Nixon ordered Attorney General Elliot Richardson to dismiss Cox. The special prosecutor had sought a subpoena for Nixon’s Oval Office tapes, and at the moment the matter was pending at the appellate level. More than anyone else, Nixon realized the precariousness of his position, and he desperately sought to moot the matter by abolishing the special prosecutor’s office. Richardson and his deputy, William Ruckelshaus, informed Solicitor General Bork, then third in command at the Justice Department, that they would resign rather than execute the president’s order. Bork likewise announced his intention to resign, but Richardson urged him to remain at his post and carry out Nixon’s order; Richardson feared that the chain of command would be broken and that the White House would send one of its lawyers to head the department and fire Cox. Thus, the event that became known as the “Saturday Night Massacre.”
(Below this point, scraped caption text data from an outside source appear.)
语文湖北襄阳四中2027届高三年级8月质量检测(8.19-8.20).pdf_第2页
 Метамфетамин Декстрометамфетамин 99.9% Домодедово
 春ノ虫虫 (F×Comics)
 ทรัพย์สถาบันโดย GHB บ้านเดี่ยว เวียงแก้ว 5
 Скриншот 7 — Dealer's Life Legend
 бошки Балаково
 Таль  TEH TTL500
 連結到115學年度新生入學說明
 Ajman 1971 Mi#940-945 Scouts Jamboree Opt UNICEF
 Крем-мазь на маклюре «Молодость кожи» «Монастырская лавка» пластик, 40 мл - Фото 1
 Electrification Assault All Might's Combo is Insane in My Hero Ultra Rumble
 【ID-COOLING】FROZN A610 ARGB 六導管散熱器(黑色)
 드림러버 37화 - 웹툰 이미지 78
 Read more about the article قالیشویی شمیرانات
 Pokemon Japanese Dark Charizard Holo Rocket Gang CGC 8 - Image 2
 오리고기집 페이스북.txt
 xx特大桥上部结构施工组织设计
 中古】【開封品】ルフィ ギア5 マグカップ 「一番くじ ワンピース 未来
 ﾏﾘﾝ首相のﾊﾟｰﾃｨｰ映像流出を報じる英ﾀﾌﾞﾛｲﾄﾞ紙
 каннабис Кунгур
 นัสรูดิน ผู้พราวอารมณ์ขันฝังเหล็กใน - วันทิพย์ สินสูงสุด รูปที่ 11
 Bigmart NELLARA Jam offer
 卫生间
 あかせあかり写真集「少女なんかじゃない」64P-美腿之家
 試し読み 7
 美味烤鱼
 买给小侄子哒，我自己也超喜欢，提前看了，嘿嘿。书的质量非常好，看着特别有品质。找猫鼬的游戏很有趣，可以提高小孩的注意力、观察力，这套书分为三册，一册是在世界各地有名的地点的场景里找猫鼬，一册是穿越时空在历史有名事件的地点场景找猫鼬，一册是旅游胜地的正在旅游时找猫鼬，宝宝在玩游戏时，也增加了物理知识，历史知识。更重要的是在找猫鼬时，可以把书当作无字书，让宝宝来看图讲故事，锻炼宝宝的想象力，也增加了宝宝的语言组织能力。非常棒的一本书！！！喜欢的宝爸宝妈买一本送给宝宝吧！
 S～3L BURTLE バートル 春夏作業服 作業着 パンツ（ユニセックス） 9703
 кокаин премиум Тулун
On Saturday, traditionaly a downtime in the news cycle, Richardson, Ruckelshaus and Bork walked to the Justice Department auditorium for a televised news conference. On the way, Bork claimed that he had asked Richardson to explain the decision to have Bork execute the president’s order. According to Bork, Richardson agreed to do so but he never did. Subsequently, Richardson acknowledged and confirmed Bork’s version of events. When I asked Richardson why he never defended Bork at the time—or later—his answer was classic Washington: “No one asked me.”